For I was nothing but another child in the foster care system. I can't blame people for sticking with what they have always known. I am a fool to think that I could change a person. I am a fool to think that my heart would be protected.

Throughout all of this, I have learned many lessons. The most important, I think, that the only person that I can count on now is me. I am the only one that is always going to say I love you when I look in the mirror. I am the only person that is going to have my back when the world turns away from me. I can never count on someone else to support me in times of trouble.

I was deeply saddened when I came to that conclusion. I would have thought that there would be more heart and compassion from others. Granted, I have seen quite a bit of that in this past year in the unlikeliest of places. I appreciate it from the bottom of my heart.

Who am I to blame but myself? I have hurt others. I have lied. I have stolen. I have cheated. I have failed. I have regreted. I have apologized.
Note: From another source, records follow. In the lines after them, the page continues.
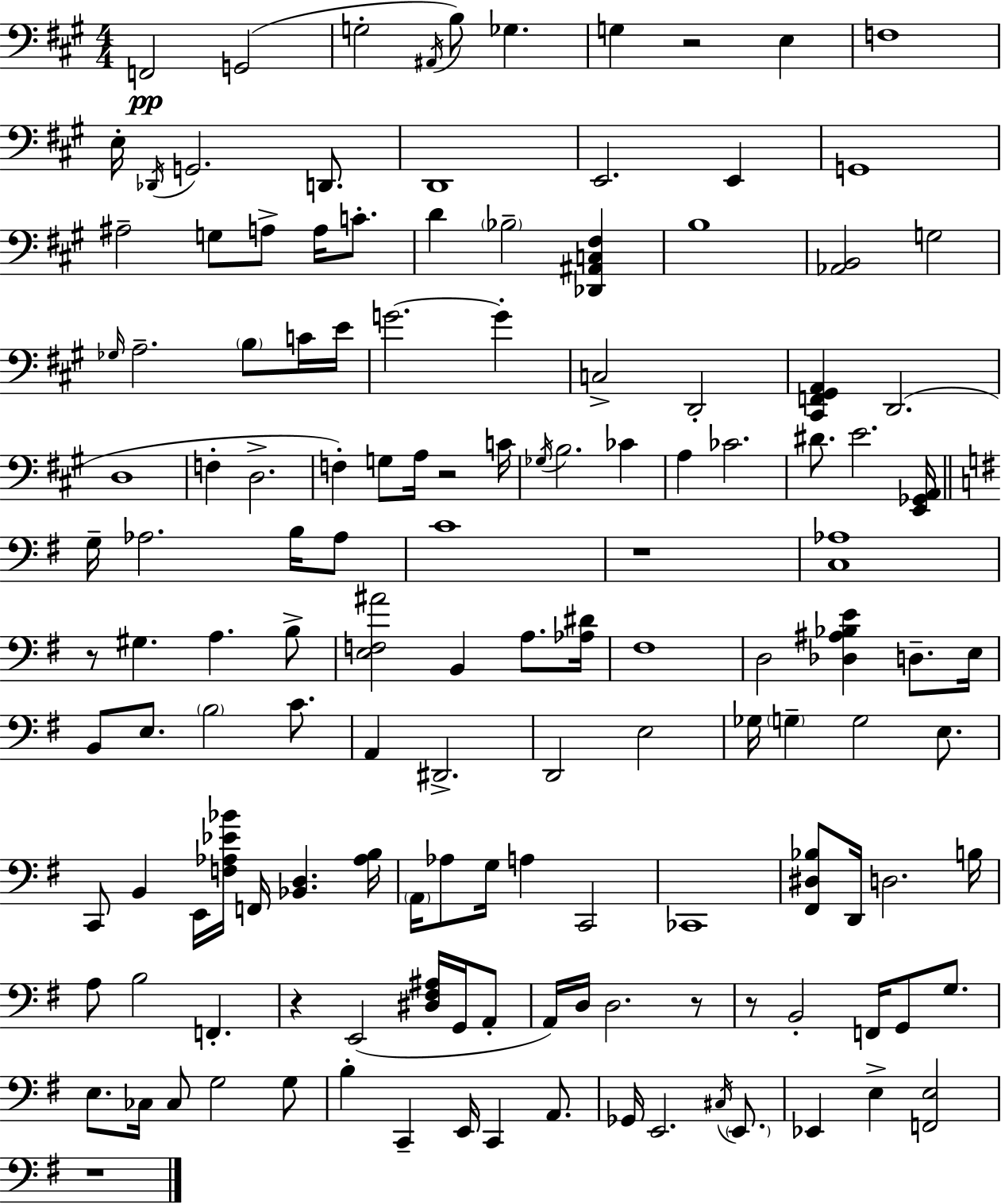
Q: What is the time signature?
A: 4/4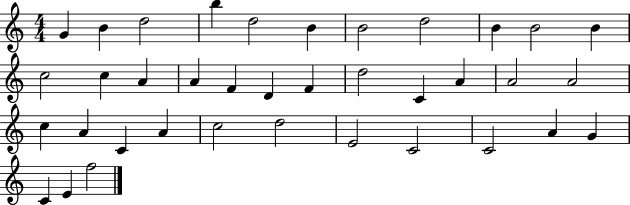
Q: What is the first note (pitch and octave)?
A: G4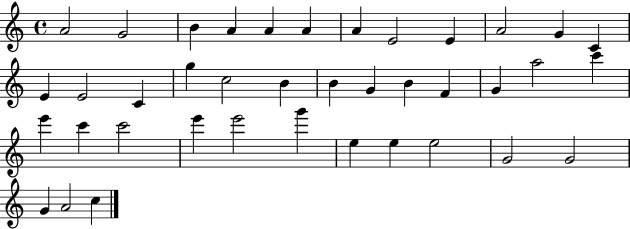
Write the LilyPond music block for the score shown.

{
  \clef treble
  \time 4/4
  \defaultTimeSignature
  \key c \major
  a'2 g'2 | b'4 a'4 a'4 a'4 | a'4 e'2 e'4 | a'2 g'4 c'4 | \break e'4 e'2 c'4 | g''4 c''2 b'4 | b'4 g'4 b'4 f'4 | g'4 a''2 c'''4 | \break e'''4 c'''4 c'''2 | e'''4 e'''2 g'''4 | e''4 e''4 e''2 | g'2 g'2 | \break g'4 a'2 c''4 | \bar "|."
}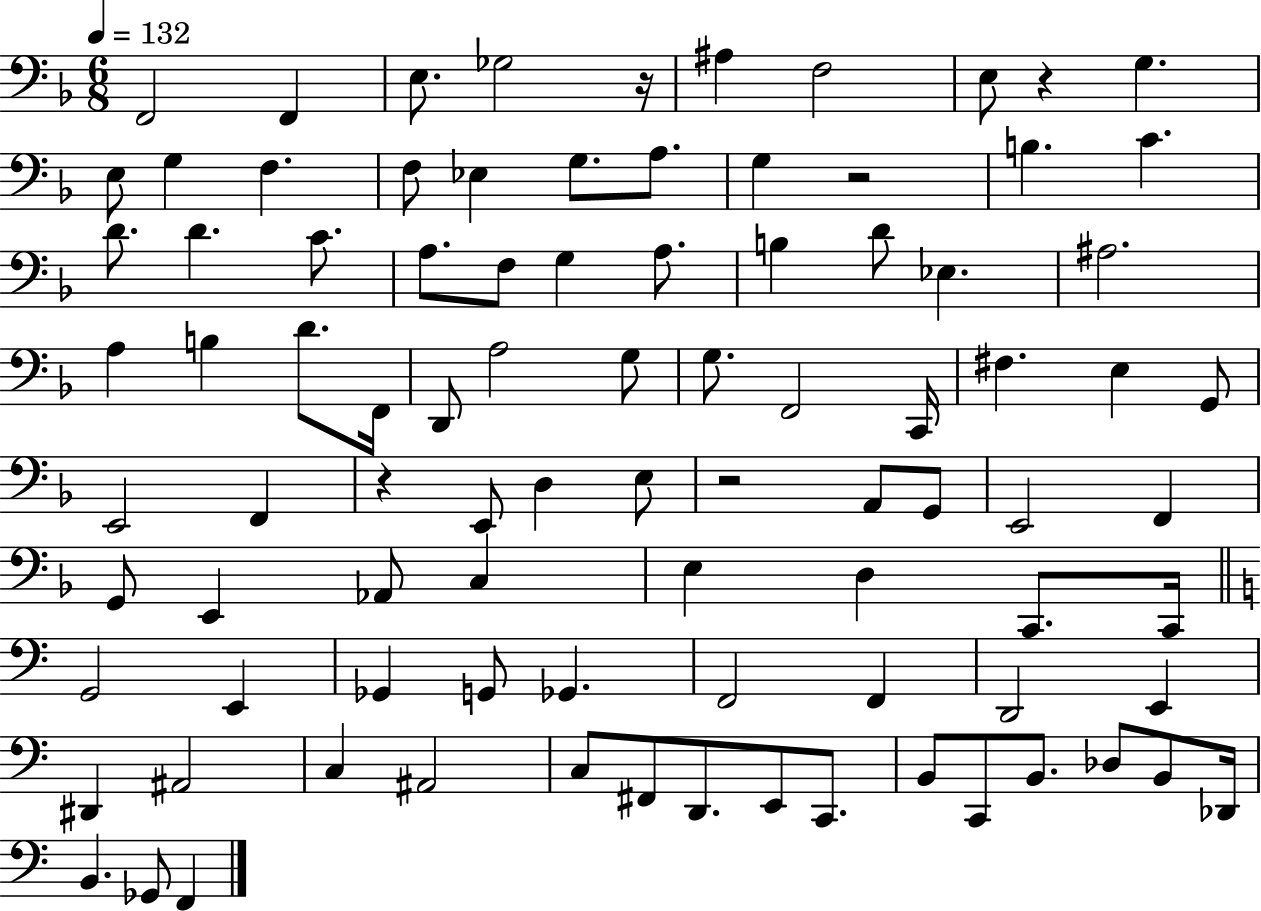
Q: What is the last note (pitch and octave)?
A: F2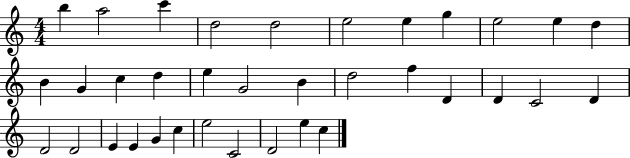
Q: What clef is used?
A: treble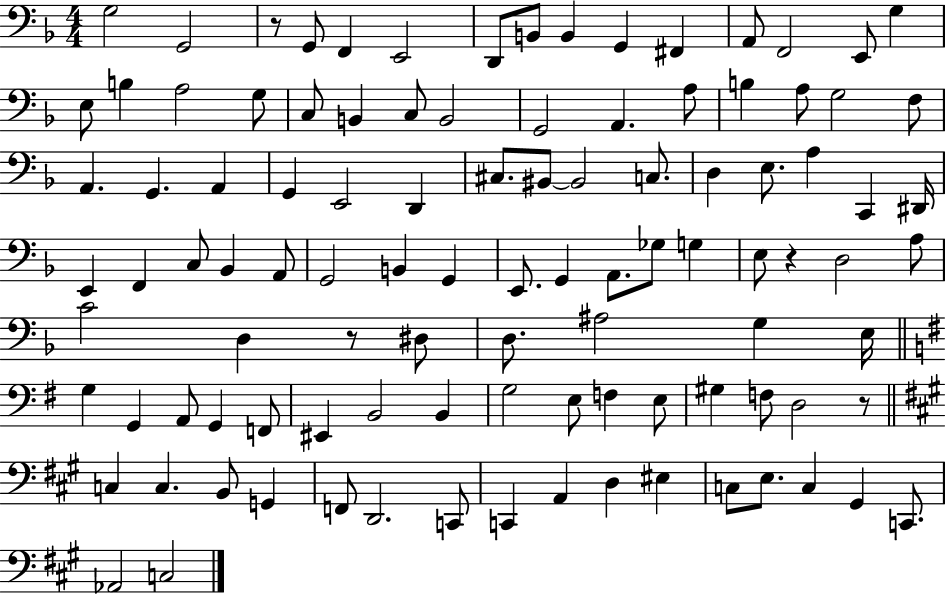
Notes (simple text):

G3/h G2/h R/e G2/e F2/q E2/h D2/e B2/e B2/q G2/q F#2/q A2/e F2/h E2/e G3/q E3/e B3/q A3/h G3/e C3/e B2/q C3/e B2/h G2/h A2/q. A3/e B3/q A3/e G3/h F3/e A2/q. G2/q. A2/q G2/q E2/h D2/q C#3/e. BIS2/e BIS2/h C3/e. D3/q E3/e. A3/q C2/q D#2/s E2/q F2/q C3/e Bb2/q A2/e G2/h B2/q G2/q E2/e. G2/q A2/e. Gb3/e G3/q E3/e R/q D3/h A3/e C4/h D3/q R/e D#3/e D3/e. A#3/h G3/q E3/s G3/q G2/q A2/e G2/q F2/e EIS2/q B2/h B2/q G3/h E3/e F3/q E3/e G#3/q F3/e D3/h R/e C3/q C3/q. B2/e G2/q F2/e D2/h. C2/e C2/q A2/q D3/q EIS3/q C3/e E3/e. C3/q G#2/q C2/e. Ab2/h C3/h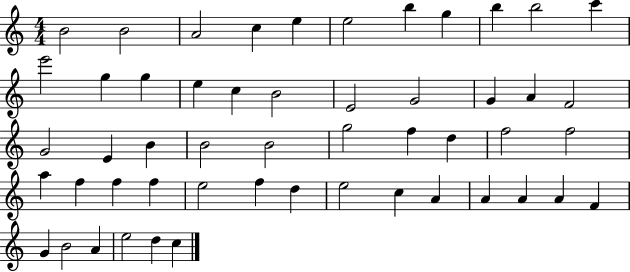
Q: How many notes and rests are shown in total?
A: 52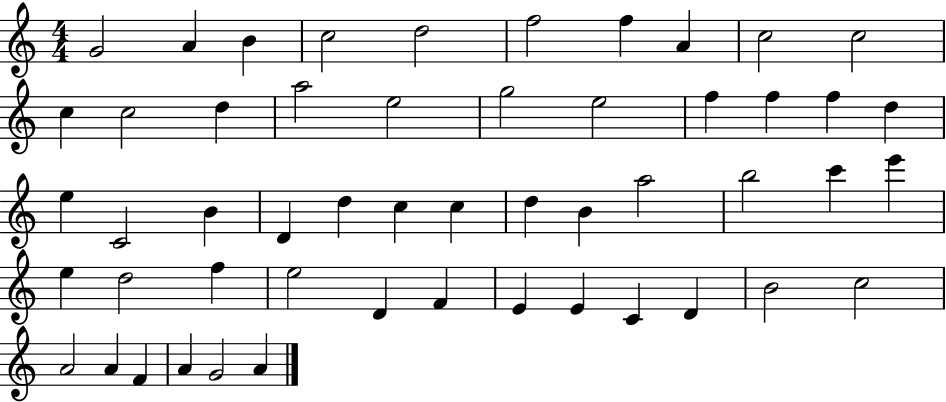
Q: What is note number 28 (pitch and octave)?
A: C5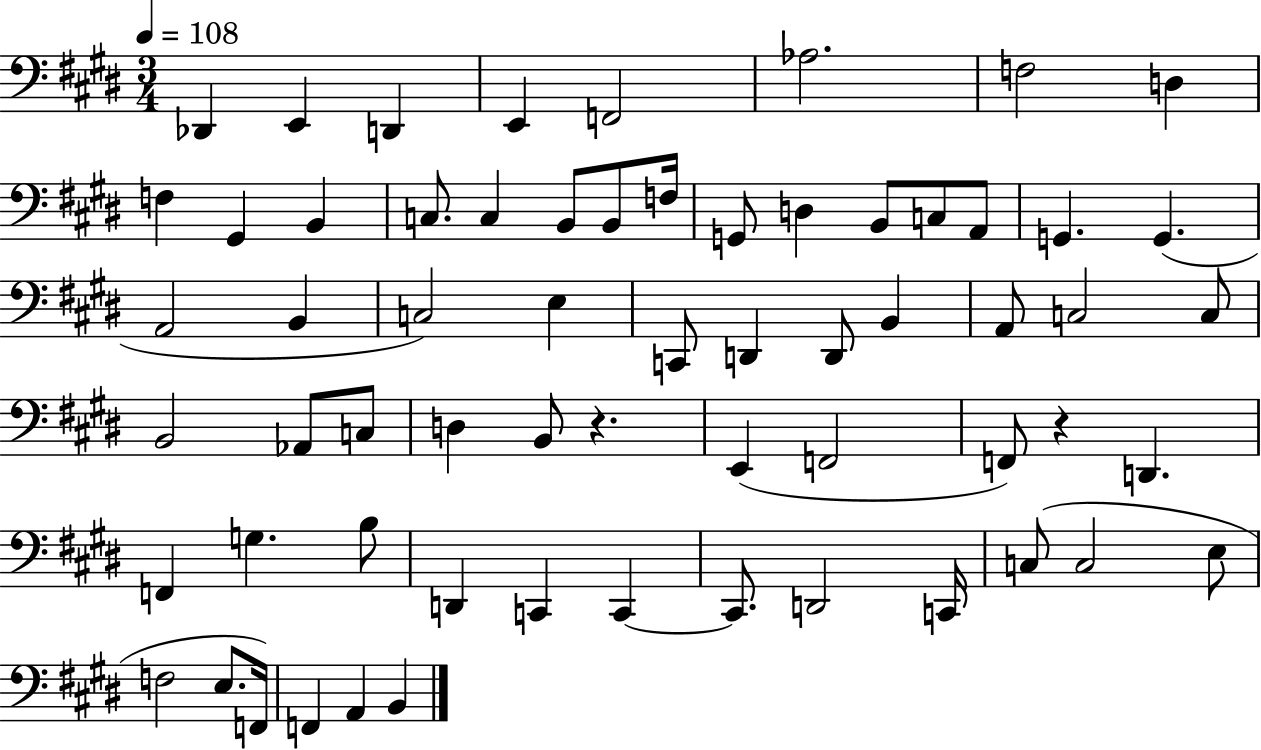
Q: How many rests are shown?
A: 2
I have been removed from lives, like a piece of cancer being removed from a patient. I have been the one who I despise the most. Despite all of that, I still love me.

Wednesday, September 19, 2012

Greetings Earthlings!

What does it matter who I am now? What matters of who I am to become. How to live by destiny, if one makes your own choice? Three fold back onto your evil deeds. Love yourself before you can love others.

Its a small world after all....

Thursday, August 16, 2012

Him

I forgive you.

Ears-still-wet

Honestly find something better to do with your time. You are broken as it is, I hate to see you shatter when what you support is a horrible thing. Or may you be to ignorant to realize such things.